# YOUR GOAL
Look for the line with "Genuine battery for - v8, dyson" in the entries below, then extract that line and all lines after it exactly, with pictures left out.

# GIVEN INFORMATION
- Opening Delimiter -
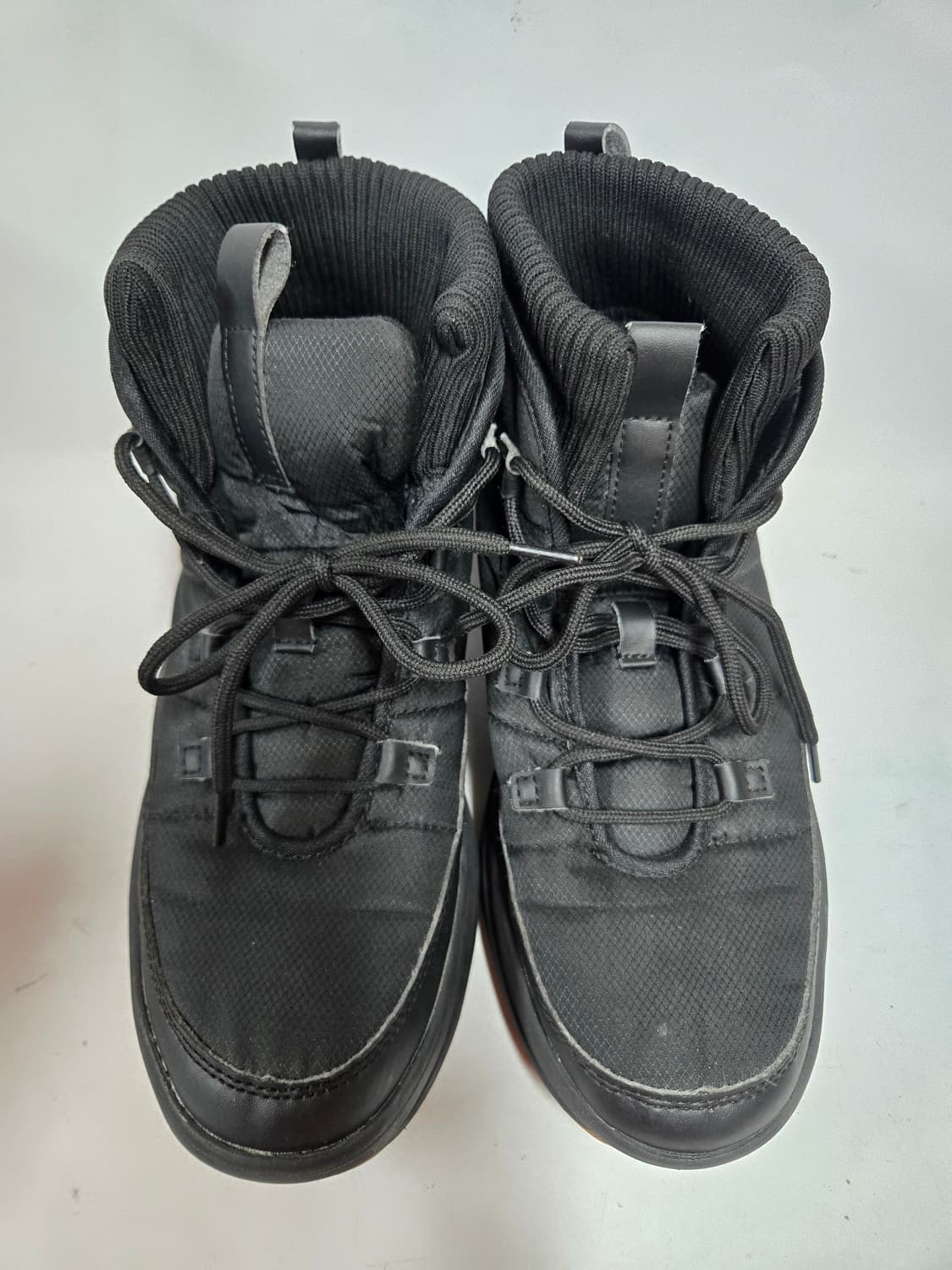 SHOOPEN 패딩 부츠 250mm 블랙 상품이미지2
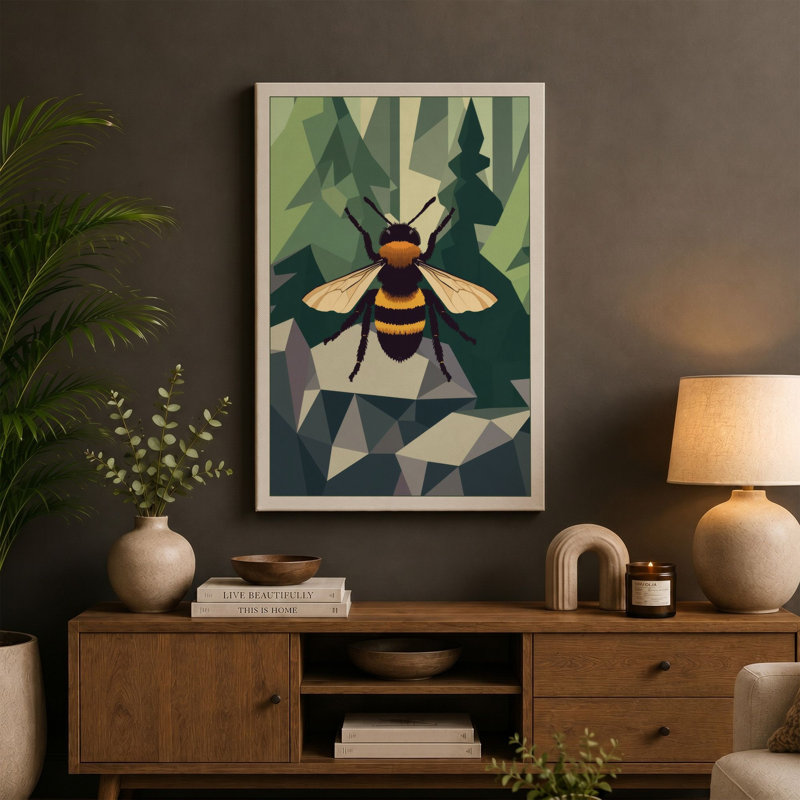 Print, 18x12 - 45.7 x 30.5 cm, Terracotta Border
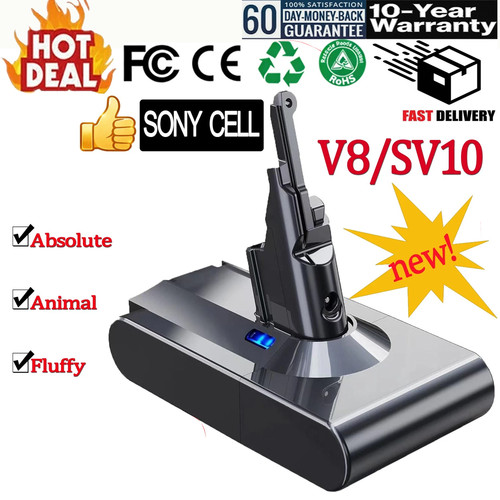 Genuine battery for - v8, dyson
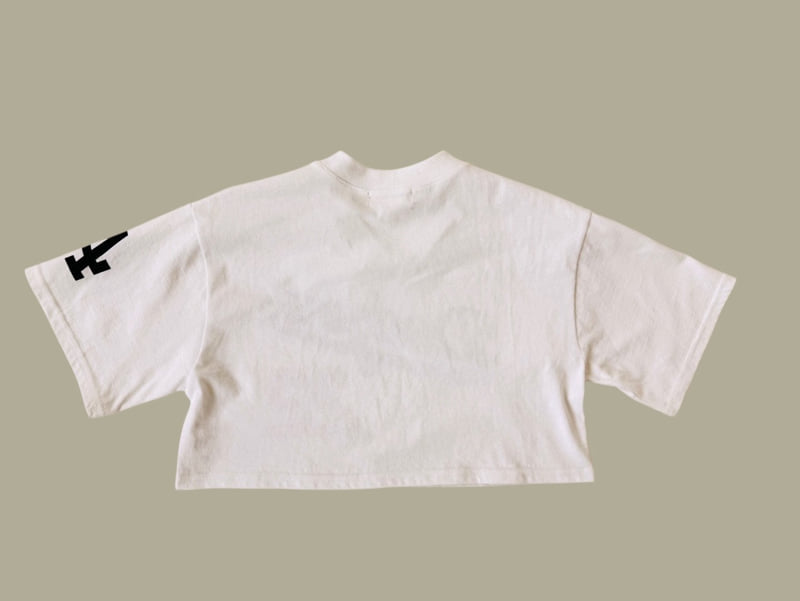 Dore Dore - Korean Children Fashion - #magicofchildhood - Kids 22 Dodgers Crop Tee - 5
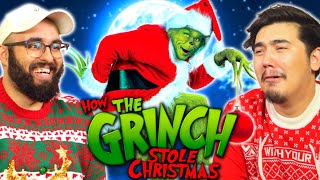 *How the Grinch Stole Christmas* swept us away (FIRST TIME WATCHING REACTION)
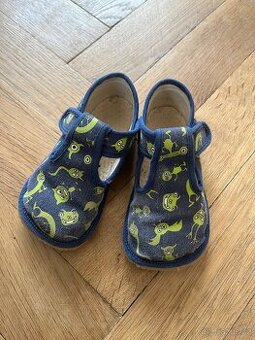 Dětské barefoot bačkůrky vel. 23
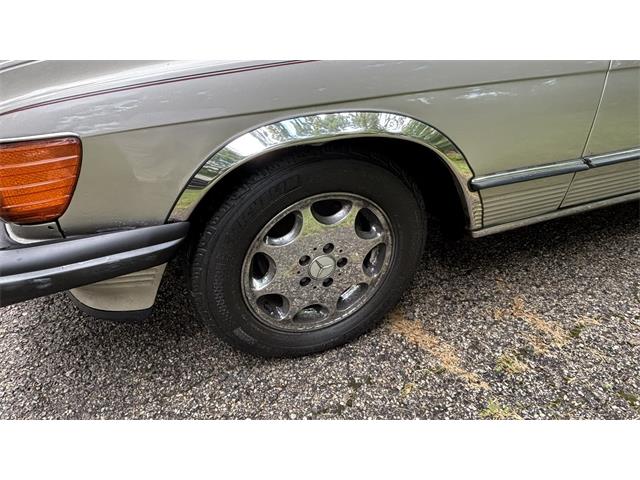 1987 Mercedes-Benz 560SL (CC-2095564) for sale in Barrington, Illinois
- Closing Delimiter -
# EXPECTED OUTPUT
 Genuine battery for - v8, dyson
 Dore Dore - Korean Children Fashion - #magicofchildhood - Kids 22 Dodgers Crop Tee - 5
 *How the Grinch Stole Christmas* swept us away (FIRST TIME WATCHING REACTION)
 Dětské barefoot bačkůrky vel. 23
 1987 Mercedes-Benz 560SL (CC-2095564) for sale in Barrington, Illinois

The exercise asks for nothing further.